PC lost trust relationship with domain controller
Our network uses PCs with windows XP, our servers run with Server 2003 and our domain controller uses Active Directory 5.2.3790.1830.
Periodically I encounter PC's that will not allow users to login to our network.
I encounter an error stating that 'Trust relationship has been lost with domain controller'.
Could someone explain what this trust relationship is and if possible give reasons for why a PC may lose this with the domain controller.
Many Thanks
Largewood
All Replies
When a PC boots up, it will attempt to log into the domain that it is a member of. The account is pretty much just like a user's account, only there are a number of automated things that happen -- users type in credentials, machines store them locally and present them to the domain.
The secure link between the PC and the Directory can become broken for a large number of reasons, but the big ones all stem from a disruption in the presentation of credentials. If the PC presents the wrong password, the authentication can be denied. Unfortunately, there really isn't a warning screen that parallels what a user sees... The computer keeps booting, and then you will recieve one of a collection of errors if a user tries to log into the domain with that computer. The solution for that problem (and some of the description of the problem) is located at this KB article:
http://support.microsoft.com/kb/260575
Another problem that can happen is that the machine can present the right password, but the wrong machine account. If the images that are being used are cloned without properly being SysPrepped, the scenario arises where two machines are presenting the same SIDs, while the passwords are out of synch... You can imagine that shenanigans immediately ensues. There is also a scenario where the install of an OS becomes damaged and data gets corrupted. THese kinds of issues are a lot harder to troubleshoot.
Something you could try to diagnose this is to turn on some more auditing. Start looking for logon failures associated with these machine account issues. They may contain a lot more information on what and why things are happening.
Let me know what you find, and I hope this helps!
Luck,
removing and readding the client to domain will resolve the issue on client.

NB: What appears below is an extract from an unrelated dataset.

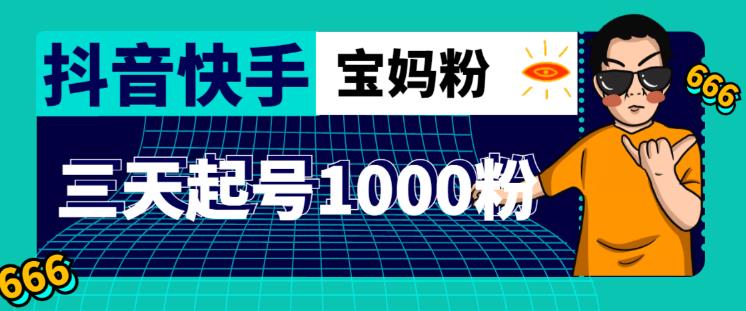 抖音快手三天起号涨粉1000宝妈粉丝的核心方法【详细玩法教程】-网创资源吧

cause could be - client machine account in the domain is incorrect or computer account password is mismatching in the domain
Thanks for this, very helpful.
I wonder if you know the answer to a couple points related to this.
Where is the password held on the client machine, is it in the registry?
Also does the password change periodically or once the client is added to the domain is it set permanently?
Do all the PCs on the domain use the same password, or is it individual to the machine?
Unfortunately, I don't know where the password is. I can tell you that it is not in the registry and in the instance that is on the machine, it is in a hash.
The password does change - I believe 30 days is the default - and it is not correlated with any of the other machine passwords in the domain.